March 08, 2011
By Isaac Sprik
What type of person in 1949 bestows a fortune on the AHA? An individual who was a quiet humble indexer who lived a long and full life from 1871 to 1949; a man who was not looking for credit or money, but for the preservation of history. His name was David Maydole Matteson. He started his path by earning a bachelor’s degree from University of California in 1892 and then moved on to Harvard intending to earn a second bachelor’s, as well as master’s and doctoral degrees in history; however, while pursuing his master’s at Harvard he hit a major junction in his life—a tragic bicycle accident that left him deaf. Due to this injury he was no longer able to attend his doctoral classes; so with his master’s degree he turned to the underappreciated field of indexing and library work.
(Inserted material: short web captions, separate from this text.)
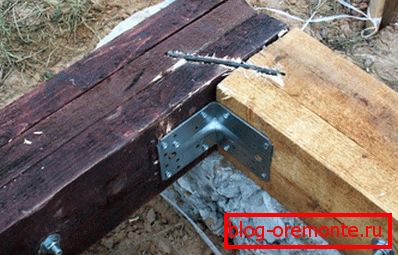 Le bois pour la base est préférable d'utiliser le projet. Peu importe sa couleur, sa structure et la présence de noeuds Le bois pour la base est préférable d'utiliser le projet. Peu importe sa couleur, sa structure et la présence de noeuds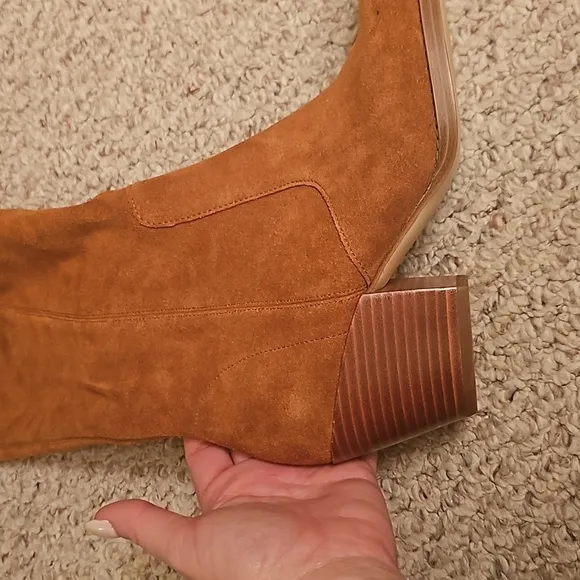 Mk Harlow Knee high Suede Boots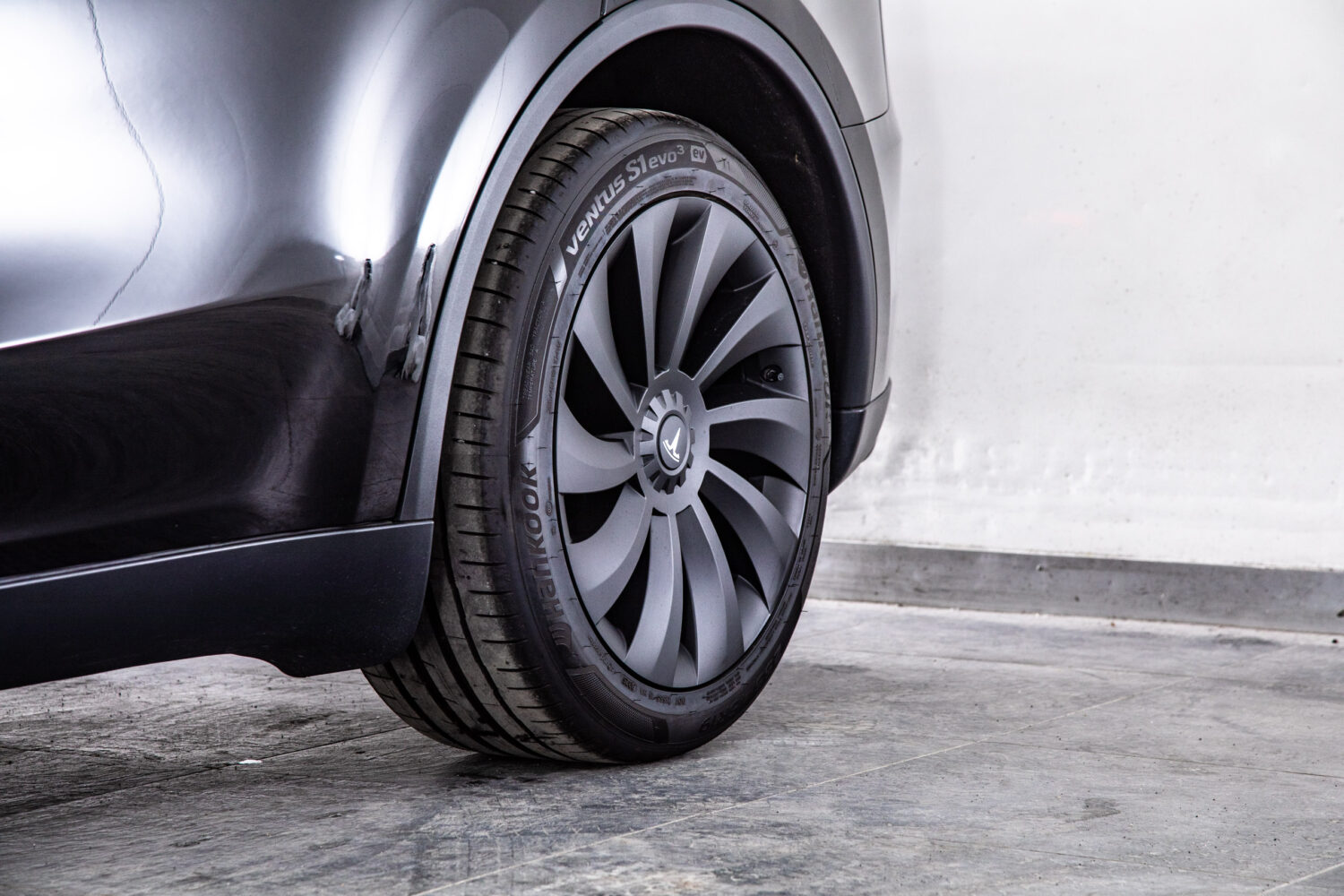 モデルY ロングレンジ 4WD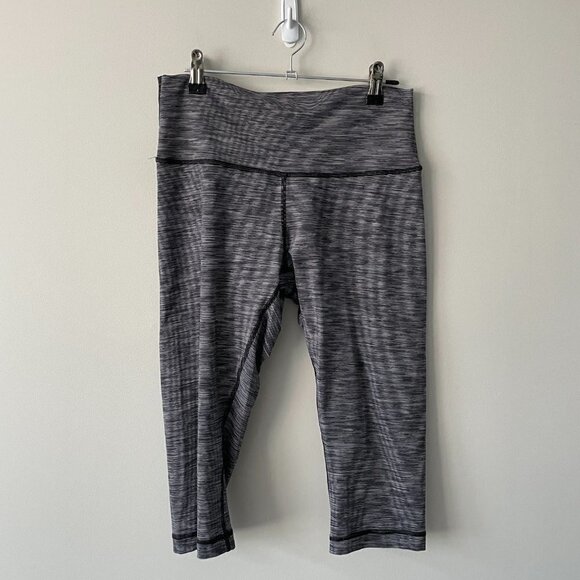 Lululemon Wunder Under Hi-Rise 1/2 Tight Leggings Gray 10 - Picture 2 of 8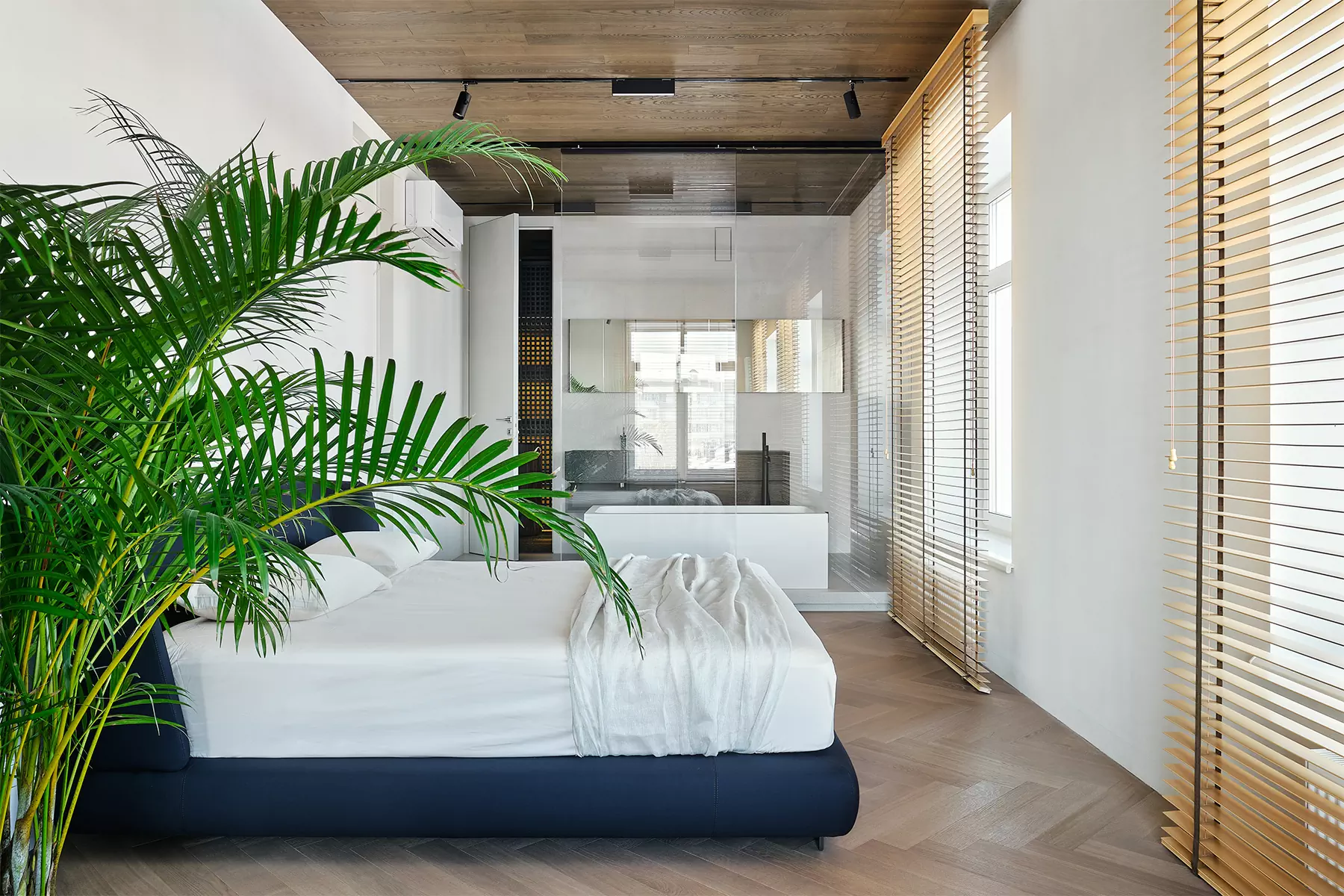 Необычный деревянный потолок и ритмичные рейки в медитативном интерьере квартиры — проект Валентины Агейкиной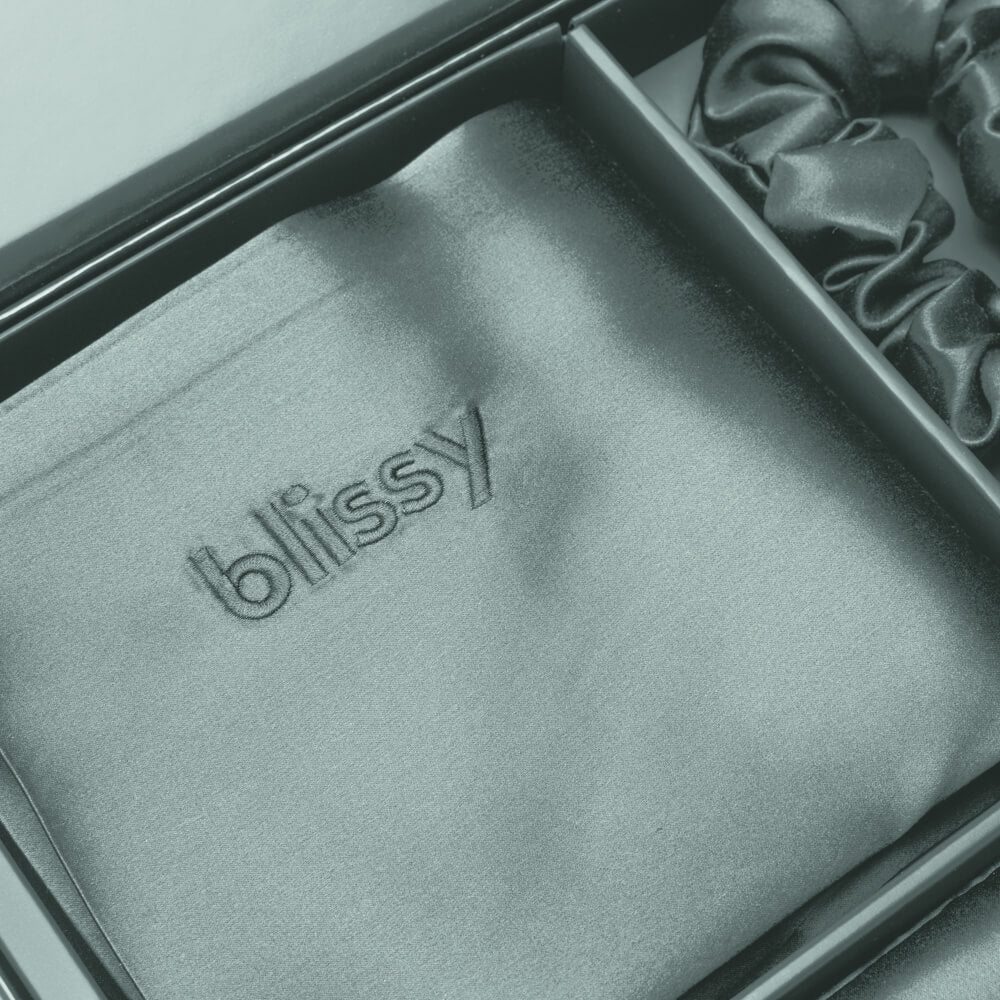 Blissy Matcha Silk Blissy Dream Set Detail – Queen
He spent the years of his long life serving the historical community in the Harvard library and the Library of Congress indexing many different subjects, particularly an index of 37 volumes of The Writings of George Washington for the American Historical Association. He labored at this project of love for many years without much thanks or attention, and in the end he passed away before he could finish his masterful index. In addition to adding many indexes to the stacks, he propelled a profession that was often glanced over as a place of scholarly importance in the library and historical communities. Both the library sciences and indexing are not notorious for their large salaries and bonuses, so where did David Matteson earn a fortune? Sticking with his character of advancing history and learning from behind the scenes he took up a career of ghost writing of secondary school history books and maps. Although unexpected, this was a profitable career in which he was compensated per word he wrote. Through his multiple historical careers he quietly furthered history and simplified research for many future historians with his expansive indexes.
Today we should look to David Maydole Matteson not only as an indexer who pushed the profession, but as one of the great patrons of history. He deserves the title because when he passed in 1949 he gave his fortune of over $80,000 to a sole beneficiary, the AHA, to be used on the David Maydole Matteson Fund to continue to support tools for researching and publishing of history. This fund was used for the first seven years to finish Matteson’s 37 volume index, and since then it has been used as part of the endowment fund of the AHA to support Recently Published Articles and the Guide to Historical Literature. This is a gift that has been given to many historians, and to all who appreciate history, and it will continue to support and benefit the historical community. We owe special thanks for such a generous gift to David Maydole Matteson, a great forgotten patron.